No one living has a better appreciation for the sneaky and unnerving power of American myth than Bob Dylan. In the fall of 1975, the United States was gripped by what the playwright Sam Shepard, who had been hired to work on a film about the tour, called “Bicentennial madness.” With 1976 fast approaching, America was obsessed as never before with its origins, and as Mr. Dylan knew perfectly well, there was no better place to launch his tour than the mythic landing ground of the Pilgrims.
Mr. Shepard did not end up contributing much to the film, but he did publish a log chronicling the tour’s first six weeks. Included in the book is a bizarre photo showing Mr. Dylan and several fellow musicians peering over the side of the Mayflower II, a reproduction of a 17th-century vessel berthed at Plimoth Plantation. A stiff breeze is blowing, and two of the party are desperately hanging on to the brims of their cowboy hats as the front man of the Byrds, Roger McGuinn, speaks on a huge, ’70s-style portable phone.

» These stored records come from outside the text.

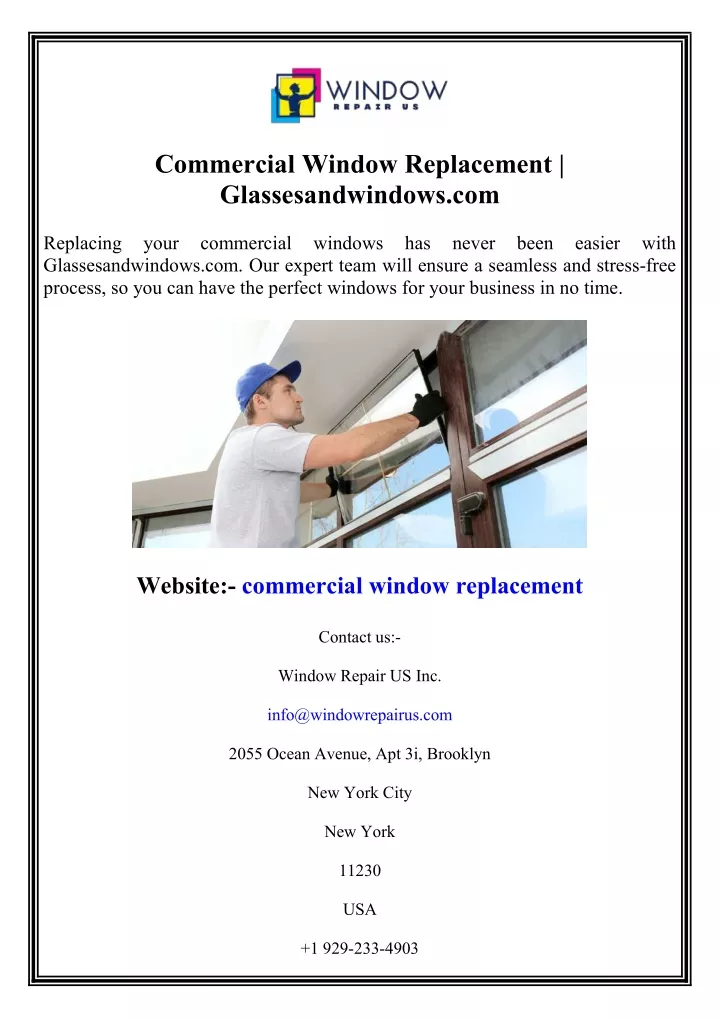 commercial window replacement glassesandwindows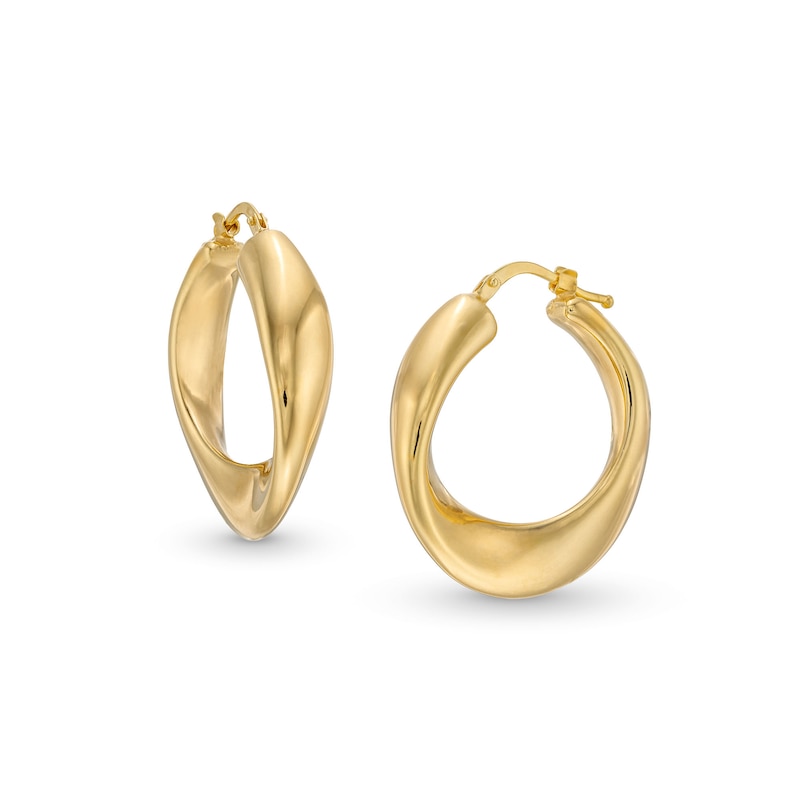 Main Image 1 of Swirl Hoop Earrings in Hollow 14K Gold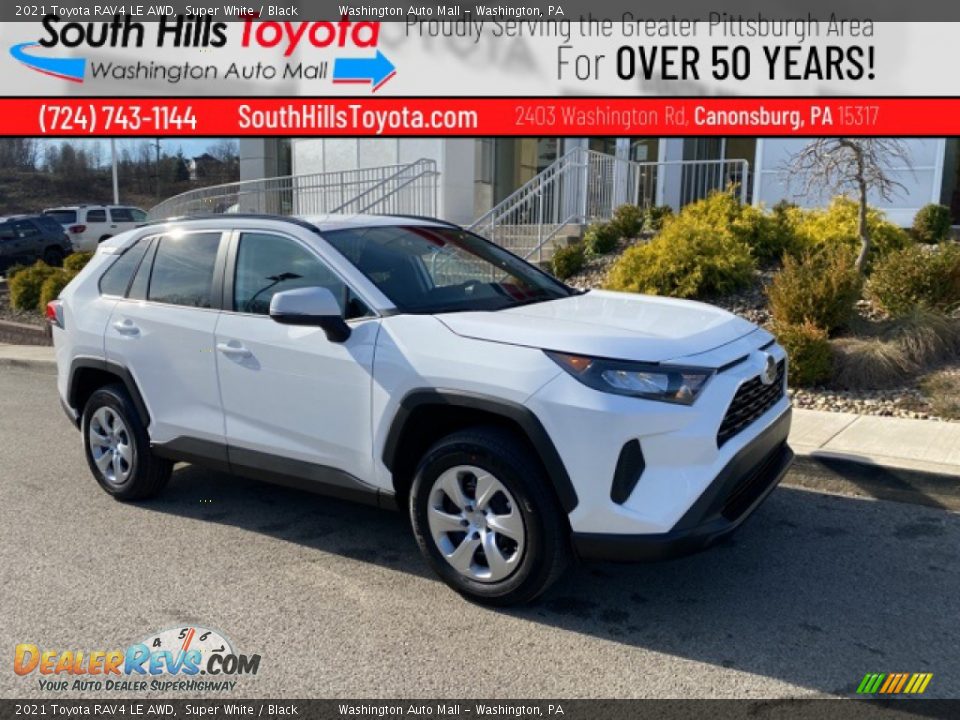 2021 Toyota RAV4 LE AWD Super White / Black Photo #1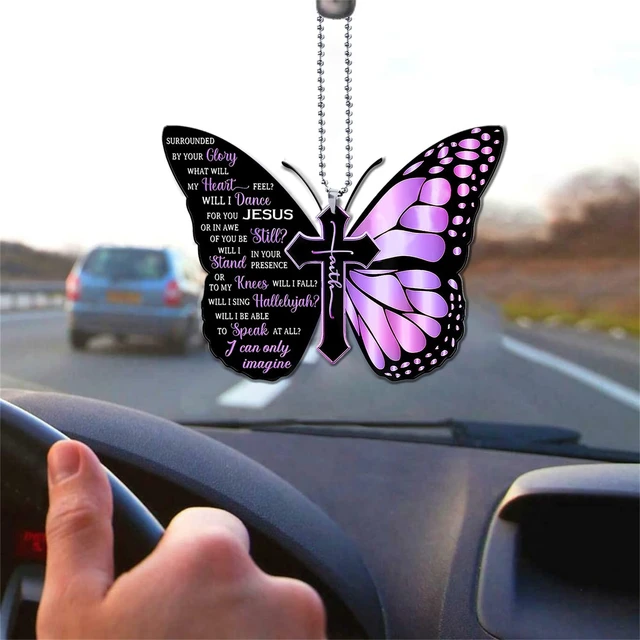 Schmetterling Kreuz Hängende Dekoration Für Auto Sunflower Schmetterling  Auto Charme Rückspiegel Zubehör Auto Innen Decor Anhänger - AliExpress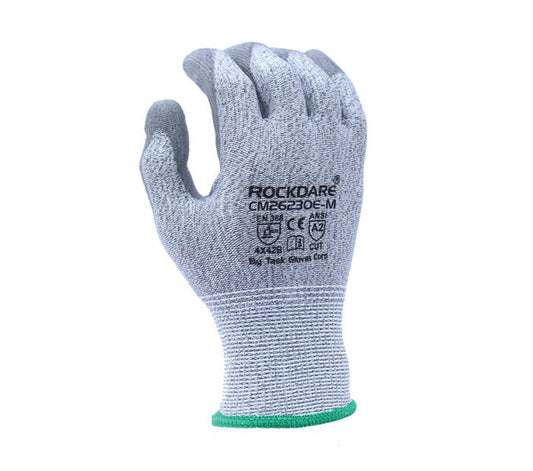 Task Gloves CM26230E 13 Gauge HDPE, Gray PU Coated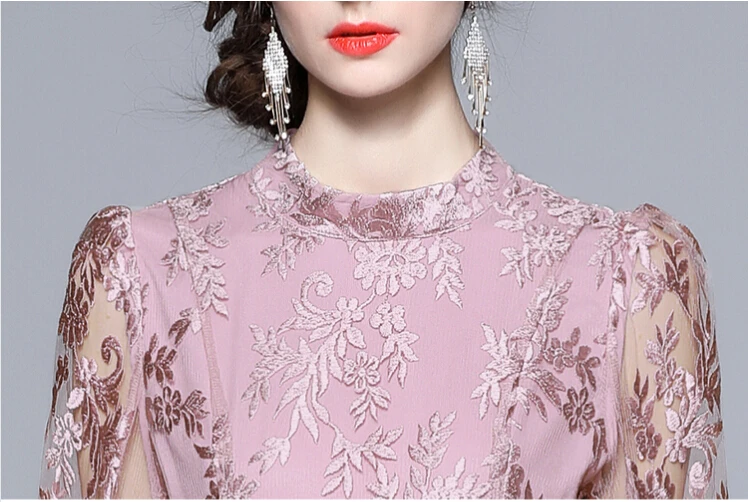 Платье SMTHMA из новой коллекции модной одежды с вышивкой на сетке для женщин с воротником стойкой, рукавами "летучая мышь", высокой талией и поясом на средней длине.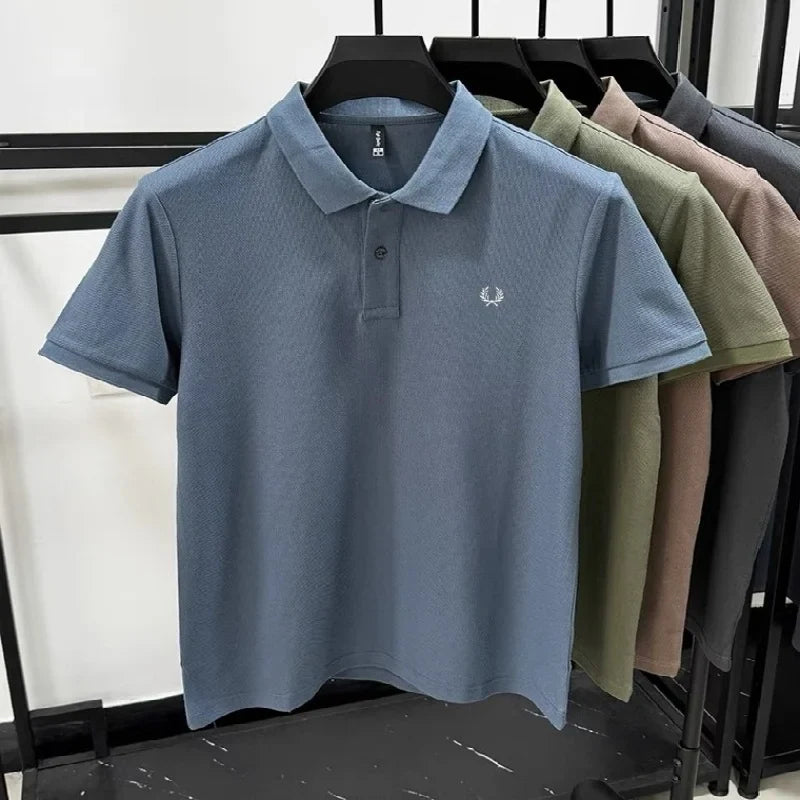 High quality men's heavyweight summer new cotton classic brand embroidered comfortable polo shirt breathable trendy short sleeve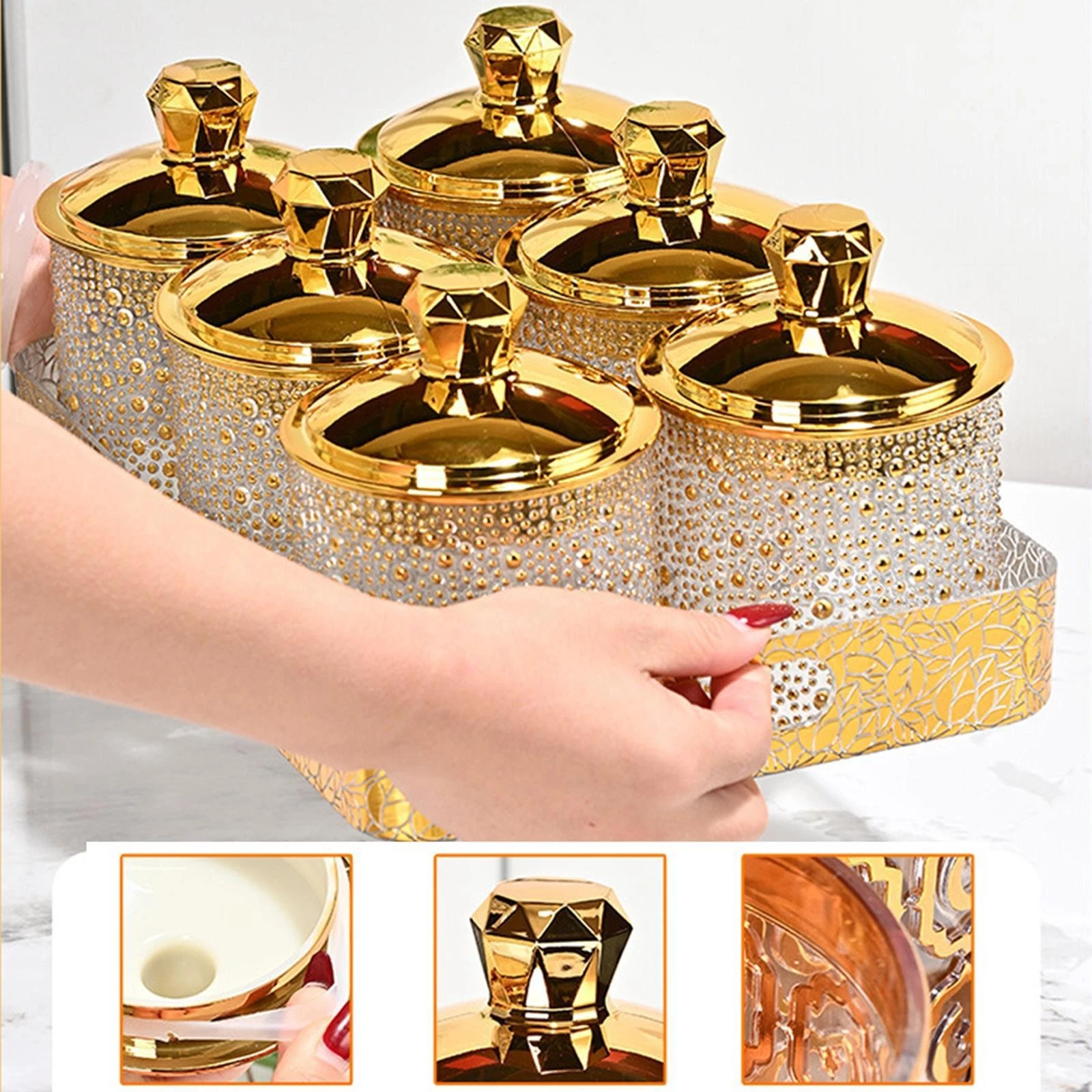 Food Storage Jar Decorative Container Transparent Gold for Candy Coffee Nuts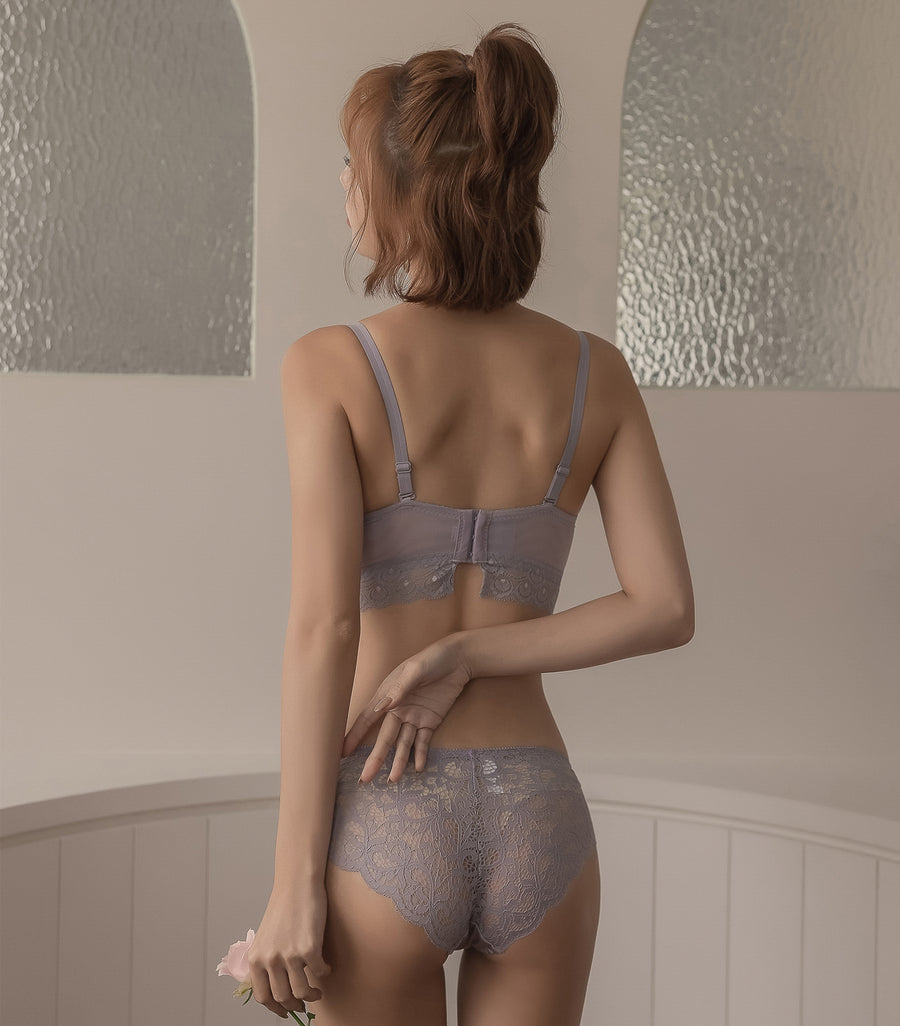 Plump and Push-up Solid Cup Lace Wireless Bra Set Pink Purple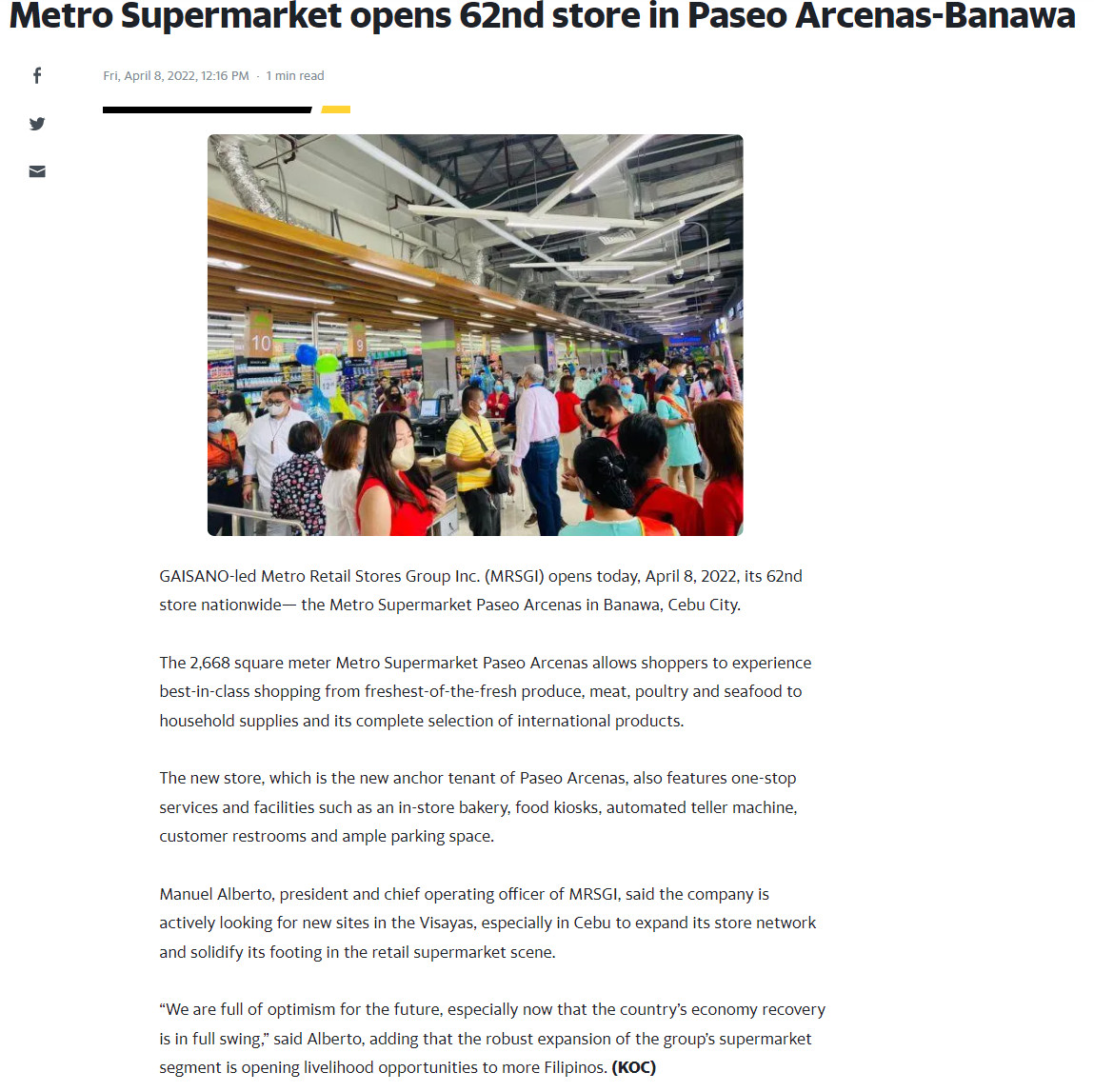 Metro Supermarket opens 62nd store in Paseo Arcenas Banawa Yahoo News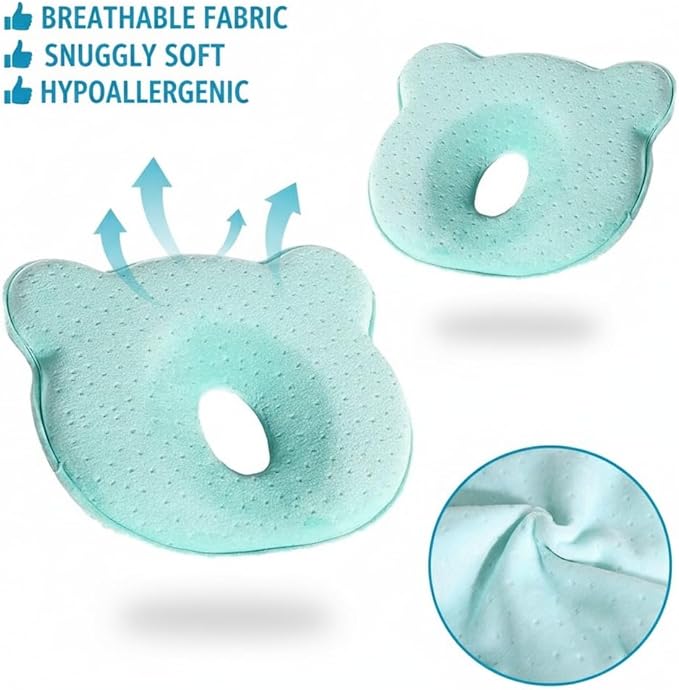 Memory Foam Travel Pillow, Cozy andsoft, Cotton Velvet Cover for Kids Boy Girls, Nap Time, Cute Bear Portable Pillow, Pillow Neck Support Head Support car seat (Mint)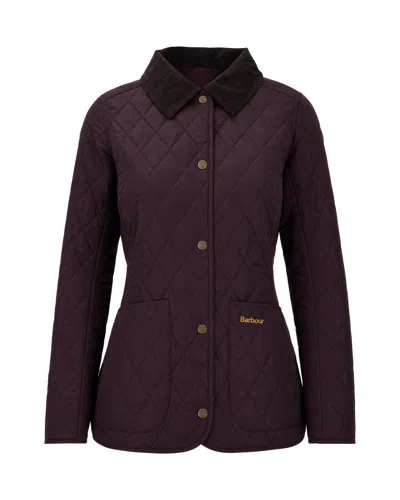 Barbour Women's Quilted Snap-front Jacket With Corduroy Collar In Black Cherry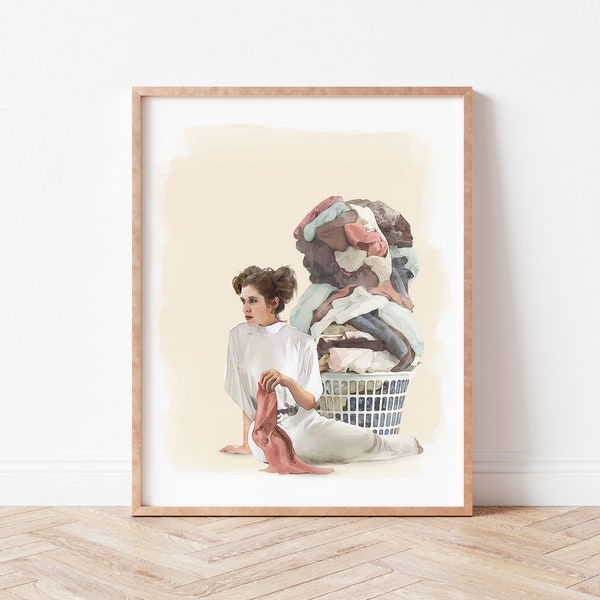 SPAWARS Laundry Art, Laundry in Alderaan Places, Laundry Room Decor, Laundry Room Art Print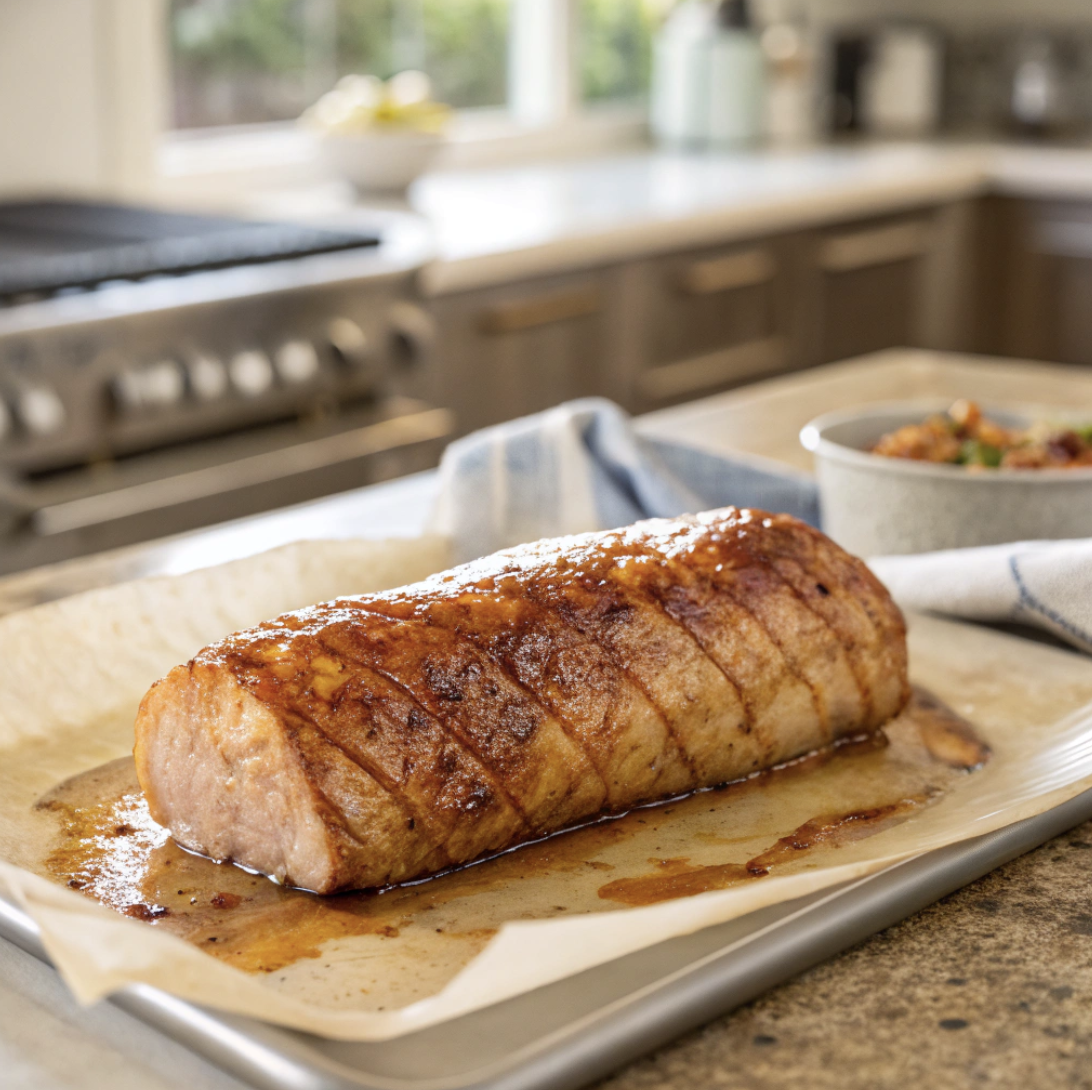 A roasted pork tenderloin on a sheet of parchment paper topped with a sweet glaze.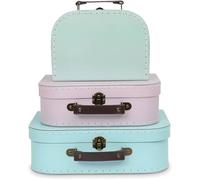 Jewelkeeper Cardboard Storage Boxes, Set of 3 - Nesting Decorative Storage Box for Birthday Wedding Nursery Office Decoration Displays Toys Photos Toy Box - Retro Pastel Design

But perhaps the weirdest and wackiest portion of Mr. Shepard’s log describes how Mr. Dylan and his pals recreated the landing of the Pilgrims at Plymouth Rock. As the poet Allen Ginsberg sat beside the iron fence that surrounds the rock, chanting and chiming his set of Tibetan bells, Mr. Dylan haphazardly piloted a dinghy to the Plymouth shore.
Last week at the Nassau Coliseum it occurred to me that Bob Dylan is a lot like Plymouth Rock. Just as he emerged full-blown onto the New York folk scene of the 1960s, claiming a shadowy and, it turned out, apocryphal past, so did Plymouth Rock suddenly come to the attention of the American people in a manner that smacks of dubious self-invention.
There is no reference to a rock in any of the Pilgrims’ accounts of their arrival in Plymouth Harbor. Not until more than a century later did 95-year-old Thomas Faunce claim that his father, who did not arrive in Plymouth until three years after the Pilgrims, told him that the Mayflower passengers first stepped onto an undistinguished boulder at the edge of Plymouth Harbor. Thus was born the legend of Plymouth Rock.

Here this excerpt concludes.